I pried off my gloves. “You could’ve fooled me.”

The bottle wasn’t even opened. It definitely wasn’t a high-end whiskey either. But who was I to judge? I just wanted to get fucking drunk.

When I struggled to get the bottle open with the opener on my keychain, the guy beside me grabbed it and did the honors. “Not much of a drinker?”

“What makes you say that?”

His gaze dropped to my legs. “Your jeans look starched. Not part of the usual uniform.”

The guy’s jeans seemed pretty tidy themselves, but I couldn’t argue. “I don’t think I’ve gotten properly drunk since college.”

“Twenty years ago?”

Affronted, I tossed back the whiskey. And nearly choked until my eyes bled. “Try ten.”
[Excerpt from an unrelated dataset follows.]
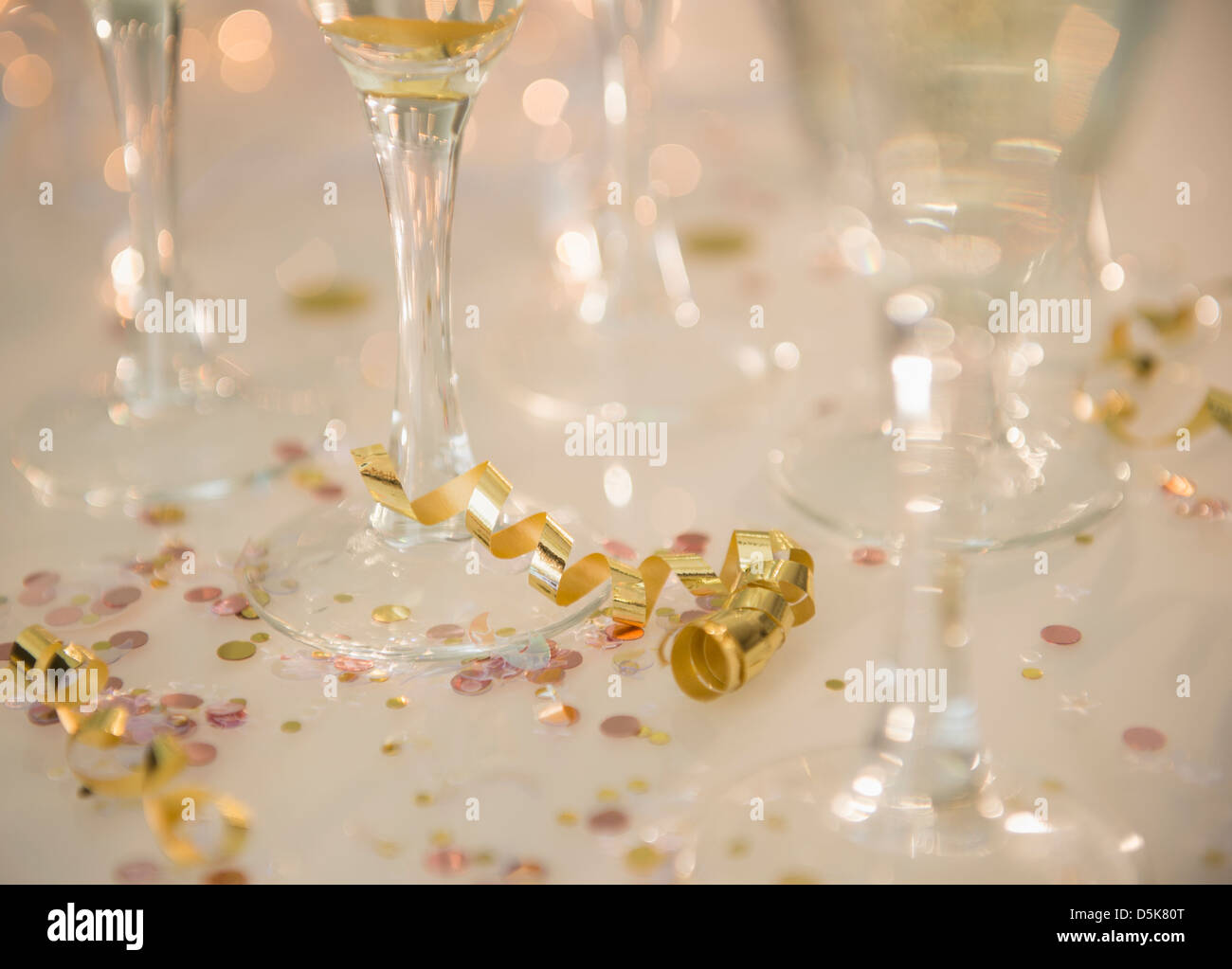 Champagne flutes on table decorated with confetti and streamer Stock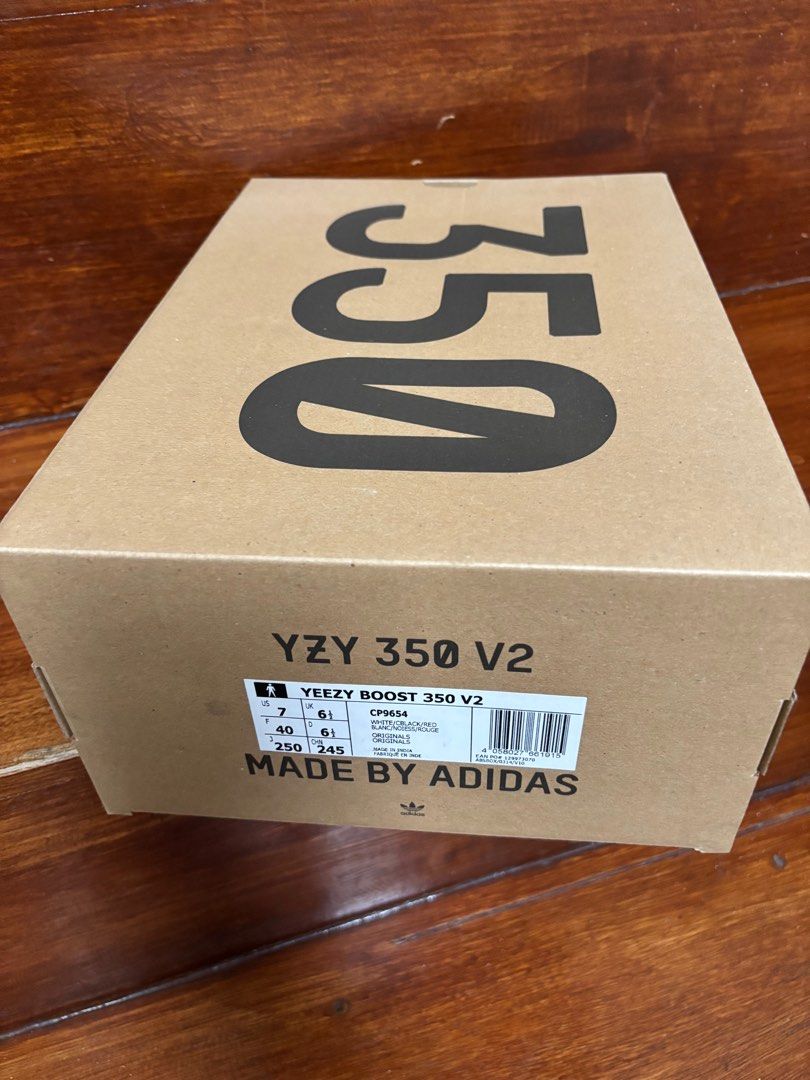 Adidas Yeezy Boost 350 V2 Zebra (Category: Sneakers) located in Caloocan City. Submitted by kangulo (Listing ID 1408949716, Image 2). Description: Adidas Yeezy Boost 350 V2 Zebra sneakers. Features a white and black striped Primeknit upper with a white midsole. The iconic "SPLY-350" text is visible on the side. Comes with the original box. Size US 7..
He cocked his head, drank a little more, and nodded. “Yeah, I can see it. Sorry. The snow made your hair look grayer.”

“Grayer?” I leaned forward and tried to see my reflection in the mirror backing the bottles on the wall behind the bar. “I don’t have any gray. At least I didn’t before today. Now? Very possible.”

“What happened today?”

“I knocked up my New Year’s Eve date.” I sank back on the stool and braced my palms on the sticky bar top. Sightlessly, I stared straight ahead. “I can’t believe I just told you that.”

I also couldn’t believe I’d referred to Hannah that way. Although it had been technically accurate until a few hours ago when we crossed that line again, it wasn’t the truth. Hannah had never just been a hookup to me.